Plus it ain’t like the oil companies are big on saving whales.

Finally, I don’t know if this counts as ending on a positive note or a humorous note or whatever, but I find Andy Marlette (Creators)‘s off-the-wall speculation about Hurricane Idalia and our appetite for mass shootings a good example of stirring up thought.

We surely seem to take one more seriously than the other, at least in terms of having the government step in to minimize damage and of having people take the threat seriously.

Too bad all spin doesn’t involve 130 mph winds.

And silly-looking disco bikinis.

3 thoughts on “CSotD: Spin, lies and foolish errors

  1. “There’s a point at which ignoring clear and obvious evidence stops being ‘spin’ and slides into deliberate dishonesty. An offense against logic, though nothing personal.”

    Pretty much how I feel about Creationists and Young Earthers. There comes a point where, regardless if this is what these people truly believe or not, it is clearly a deliberate attempt to mislead others and ignore real evidence.

    And yeah, the other comics are just typical “BIDEN BAD!” without anything to back them up. Whatever.

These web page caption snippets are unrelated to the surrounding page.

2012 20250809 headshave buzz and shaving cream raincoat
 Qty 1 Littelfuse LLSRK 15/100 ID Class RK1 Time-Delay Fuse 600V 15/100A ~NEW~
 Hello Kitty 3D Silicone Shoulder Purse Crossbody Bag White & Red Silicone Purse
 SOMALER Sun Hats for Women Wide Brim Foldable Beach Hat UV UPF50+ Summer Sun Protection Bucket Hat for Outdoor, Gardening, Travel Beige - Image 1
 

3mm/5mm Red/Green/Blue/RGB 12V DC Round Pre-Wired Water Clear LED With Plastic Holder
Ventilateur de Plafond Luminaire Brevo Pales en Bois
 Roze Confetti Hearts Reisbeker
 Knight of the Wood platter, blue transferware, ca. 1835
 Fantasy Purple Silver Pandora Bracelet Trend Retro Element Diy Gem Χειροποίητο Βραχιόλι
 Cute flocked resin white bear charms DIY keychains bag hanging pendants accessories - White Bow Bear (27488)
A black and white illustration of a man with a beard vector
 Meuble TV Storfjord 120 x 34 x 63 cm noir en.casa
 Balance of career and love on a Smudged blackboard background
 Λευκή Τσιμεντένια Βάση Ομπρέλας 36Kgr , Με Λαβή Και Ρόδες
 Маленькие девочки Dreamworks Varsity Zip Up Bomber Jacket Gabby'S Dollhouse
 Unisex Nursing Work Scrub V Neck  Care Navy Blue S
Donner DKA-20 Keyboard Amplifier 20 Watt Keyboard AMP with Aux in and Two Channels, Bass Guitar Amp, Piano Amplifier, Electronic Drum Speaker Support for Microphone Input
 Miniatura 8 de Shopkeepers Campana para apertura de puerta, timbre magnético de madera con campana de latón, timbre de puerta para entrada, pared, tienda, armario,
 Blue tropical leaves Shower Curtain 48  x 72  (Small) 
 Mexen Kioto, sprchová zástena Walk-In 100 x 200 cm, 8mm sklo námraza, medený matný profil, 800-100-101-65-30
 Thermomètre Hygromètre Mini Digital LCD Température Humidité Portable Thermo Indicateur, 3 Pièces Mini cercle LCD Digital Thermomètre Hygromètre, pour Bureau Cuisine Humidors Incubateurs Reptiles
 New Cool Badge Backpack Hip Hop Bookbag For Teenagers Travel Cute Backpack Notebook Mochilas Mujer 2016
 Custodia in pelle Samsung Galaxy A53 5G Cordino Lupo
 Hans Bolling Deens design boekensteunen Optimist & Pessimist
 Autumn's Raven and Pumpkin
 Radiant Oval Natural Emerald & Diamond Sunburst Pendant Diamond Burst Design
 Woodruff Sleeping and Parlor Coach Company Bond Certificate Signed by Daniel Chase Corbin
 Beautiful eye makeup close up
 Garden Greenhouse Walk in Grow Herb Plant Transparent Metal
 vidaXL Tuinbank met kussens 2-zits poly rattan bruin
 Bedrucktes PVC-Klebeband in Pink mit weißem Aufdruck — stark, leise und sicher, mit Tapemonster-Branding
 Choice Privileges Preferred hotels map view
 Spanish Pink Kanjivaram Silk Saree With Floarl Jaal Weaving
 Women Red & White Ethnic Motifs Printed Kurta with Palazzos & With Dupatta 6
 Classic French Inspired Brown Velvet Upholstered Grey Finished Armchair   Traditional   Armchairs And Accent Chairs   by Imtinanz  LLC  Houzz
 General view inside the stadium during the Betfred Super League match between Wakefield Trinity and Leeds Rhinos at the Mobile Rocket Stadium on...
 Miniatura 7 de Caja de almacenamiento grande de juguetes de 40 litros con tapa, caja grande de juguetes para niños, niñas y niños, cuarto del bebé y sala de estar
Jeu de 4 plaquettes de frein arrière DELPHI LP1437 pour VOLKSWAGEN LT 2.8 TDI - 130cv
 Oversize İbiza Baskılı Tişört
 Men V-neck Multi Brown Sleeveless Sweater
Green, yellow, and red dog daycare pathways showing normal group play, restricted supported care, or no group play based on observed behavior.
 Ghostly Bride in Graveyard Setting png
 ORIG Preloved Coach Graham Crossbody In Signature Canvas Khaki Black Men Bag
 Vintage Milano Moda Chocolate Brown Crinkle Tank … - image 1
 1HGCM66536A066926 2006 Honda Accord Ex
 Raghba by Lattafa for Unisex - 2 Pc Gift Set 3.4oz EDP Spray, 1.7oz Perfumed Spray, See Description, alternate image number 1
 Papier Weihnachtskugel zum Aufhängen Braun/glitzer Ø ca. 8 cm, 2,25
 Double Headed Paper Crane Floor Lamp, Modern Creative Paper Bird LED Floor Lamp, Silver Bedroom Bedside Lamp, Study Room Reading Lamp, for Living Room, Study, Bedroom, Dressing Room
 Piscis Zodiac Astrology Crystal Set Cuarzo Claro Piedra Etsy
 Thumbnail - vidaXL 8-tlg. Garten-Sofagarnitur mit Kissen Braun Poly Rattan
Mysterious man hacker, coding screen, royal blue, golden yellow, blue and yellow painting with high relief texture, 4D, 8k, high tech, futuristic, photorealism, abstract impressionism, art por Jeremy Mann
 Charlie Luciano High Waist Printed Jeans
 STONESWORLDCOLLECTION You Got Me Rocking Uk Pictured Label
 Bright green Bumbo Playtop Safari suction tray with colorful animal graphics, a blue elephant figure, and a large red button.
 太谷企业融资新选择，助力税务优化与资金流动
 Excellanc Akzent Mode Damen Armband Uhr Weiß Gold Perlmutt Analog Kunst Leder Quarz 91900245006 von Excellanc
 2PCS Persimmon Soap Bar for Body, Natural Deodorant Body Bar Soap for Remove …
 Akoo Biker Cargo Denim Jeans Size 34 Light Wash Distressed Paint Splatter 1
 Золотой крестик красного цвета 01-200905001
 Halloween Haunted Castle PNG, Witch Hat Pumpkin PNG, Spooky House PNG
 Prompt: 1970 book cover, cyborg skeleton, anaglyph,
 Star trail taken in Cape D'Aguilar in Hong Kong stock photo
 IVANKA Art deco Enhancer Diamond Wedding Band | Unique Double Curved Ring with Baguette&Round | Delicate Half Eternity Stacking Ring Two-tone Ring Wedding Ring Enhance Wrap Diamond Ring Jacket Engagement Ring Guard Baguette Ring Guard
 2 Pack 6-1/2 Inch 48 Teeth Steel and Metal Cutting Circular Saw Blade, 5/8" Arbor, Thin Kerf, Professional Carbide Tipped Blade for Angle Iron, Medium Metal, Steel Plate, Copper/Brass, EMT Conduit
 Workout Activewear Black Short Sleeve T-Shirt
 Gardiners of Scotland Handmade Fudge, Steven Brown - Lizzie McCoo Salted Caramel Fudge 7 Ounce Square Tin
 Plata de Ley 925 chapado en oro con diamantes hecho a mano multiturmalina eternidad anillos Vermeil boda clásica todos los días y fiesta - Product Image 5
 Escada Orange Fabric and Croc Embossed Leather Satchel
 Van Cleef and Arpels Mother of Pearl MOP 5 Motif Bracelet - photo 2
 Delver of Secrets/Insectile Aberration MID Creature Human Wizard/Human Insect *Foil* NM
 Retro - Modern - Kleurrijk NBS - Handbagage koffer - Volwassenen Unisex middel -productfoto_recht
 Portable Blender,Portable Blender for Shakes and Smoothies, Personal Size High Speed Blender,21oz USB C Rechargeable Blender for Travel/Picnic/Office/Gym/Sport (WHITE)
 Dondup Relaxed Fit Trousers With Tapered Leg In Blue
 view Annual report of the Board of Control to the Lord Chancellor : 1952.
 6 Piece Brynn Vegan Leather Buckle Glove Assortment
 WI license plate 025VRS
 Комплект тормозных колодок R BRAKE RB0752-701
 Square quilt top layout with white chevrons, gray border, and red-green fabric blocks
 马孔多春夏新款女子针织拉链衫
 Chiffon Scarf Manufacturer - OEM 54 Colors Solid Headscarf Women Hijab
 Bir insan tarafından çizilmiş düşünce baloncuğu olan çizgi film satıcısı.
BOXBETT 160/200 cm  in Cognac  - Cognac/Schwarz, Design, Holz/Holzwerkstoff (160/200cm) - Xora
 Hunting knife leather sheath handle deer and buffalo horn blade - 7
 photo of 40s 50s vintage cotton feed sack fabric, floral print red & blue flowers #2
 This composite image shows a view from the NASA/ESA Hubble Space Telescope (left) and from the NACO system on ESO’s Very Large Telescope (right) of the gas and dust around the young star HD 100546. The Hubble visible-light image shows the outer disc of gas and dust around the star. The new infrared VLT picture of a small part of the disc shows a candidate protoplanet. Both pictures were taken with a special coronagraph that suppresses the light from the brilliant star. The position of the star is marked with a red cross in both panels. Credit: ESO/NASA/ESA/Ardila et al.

  2. I am so glad to see your clear and detailed explanation of why the rightist cartoonists are empty and worthless when they (continuously) slam Biden. They have nothing to say, and more often than not actually ignore and contradict the actual facts. Biden is doing a terrific job, especially in the teeth of the gale of fascist undermining of the country. I have commented here before, saying that those hollow cartoonist drum-bangers of the right should not be treated as if they are equal in professional stature to “real” ones. If there were any “conservative” cartoonists who were taking on actual issues, they would be respectable enough to be viewed alongside the liberals. The Trumpist condemnation of Bidenomics is worthless, in that Biden has saved the economy after Drumpf ash-canned it. And harping on Biden’s age is just cheap-shot B.S. Drumpf is not senile — he’s crazy! And evil! He wants to cancel democracy. And he’s fat and ugly, too. And probably smells bad.